当前位置:主页 > 经济论文 > 电子商务论文 >

基于SVM和深度学习的情感分类算法研究

发布时间:2018-05-04 22:43

  本文选题:情感分析 + SVM ; 参考:《重庆邮电大学》2016年硕士论文


【摘要】:互联网的蓬勃发展,引发了传统生活方式、商业经济结构的巨大变革。从电子商务、社交软件、再到打车软件,处处标示着互联网的标签。人们通过微信、微博等社交工具联络他人、展示自己、发表评论。藉此产生了大量蕴含着观点和意见的数据信息,具有难以估量的价值,这使得文本大数据处理成为当前非常热门的领域。文本数据的情感分类是该领域相关研究的主要内容之一,本文以文本情感信息分类为主要研究对象,针对目前中文情感分析领域,基于机器学习的相关研究在进行特征提取时通常基于统计学的知识,存在对复杂句式有效分析能力不足和无法深入反映文本语义的问题进行深入研究。
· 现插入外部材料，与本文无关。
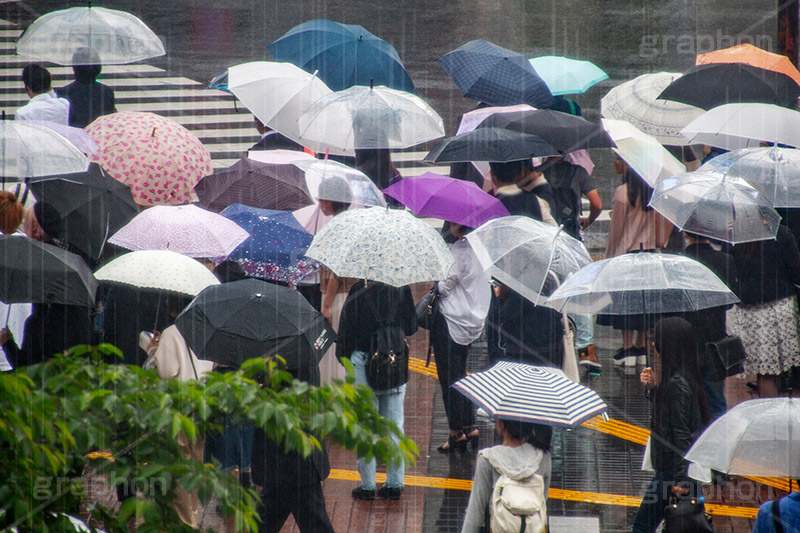 雨の日の渋谷,雨の日,雨,梅雨,交差点,信号,横断歩道,足元,傘,かさ,道路,アスファルト,水たまり,水溜まり,水しぶき,渋谷,スクランブル交差点,雑踏,都会の雑踏,都会,都心,東京,人混み,混雑,街角,街角スナップ,混む,人々,渡る,歩く,通勤,通学,人物,shibuya,japan,rain,umbrella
针对复杂句式有效分析能力不足的问题,本文构建了对应各种复杂句式的特征提取规则,提出了基于SVM(Support Vector Machine)和复杂句式的文本情感分析方法。在实验中以情感词、词性和否定词特征组合为基础,依次加入条件句式和转折句式特征,并使用不同分类器及内核进行多次实验,得到的最佳分类结果为90.12%。同时,在实验中发现这类方法非常依赖人工设计的具体任务的特征,领域适应性差,难以覆盖所有的信息。针对无法深入反映文本语义与本文上述研究中发现的问题,本文引入了基于深度学习的Word2vec工具,它能训练出包含着深层语义信息的低维词向量。研究中,使用Word2vec训练词向量作为特征,融合TF-IDF(Term Frequency Inverse Document Frequency)训练的词频权重特征,使用SVM分类器获得了理想效果。进一步调整惩罚系数C,当C=10的时候,获得的最佳准确度高达94.37%。同时,本文还提出了词向量融合Hash映射特征的方法,同样取得了良好的分类性能。通过本文的研究,使用传统的统计特征加上复杂句式特征,比单独使用统计特征组合提高了7.16%的准确度。本文进一步引入深度学习思想,使用词向量作为特征,在融合统计特征之后大幅增进了情感分类的性能,准确度比前者提高了4.25%,正面评论的评价指数都获得大幅提升。基于上述研究,本文设计并实现了一个文本情感分析系统,主要包括数据预处理、分词、情感分类以及结果展示等功能。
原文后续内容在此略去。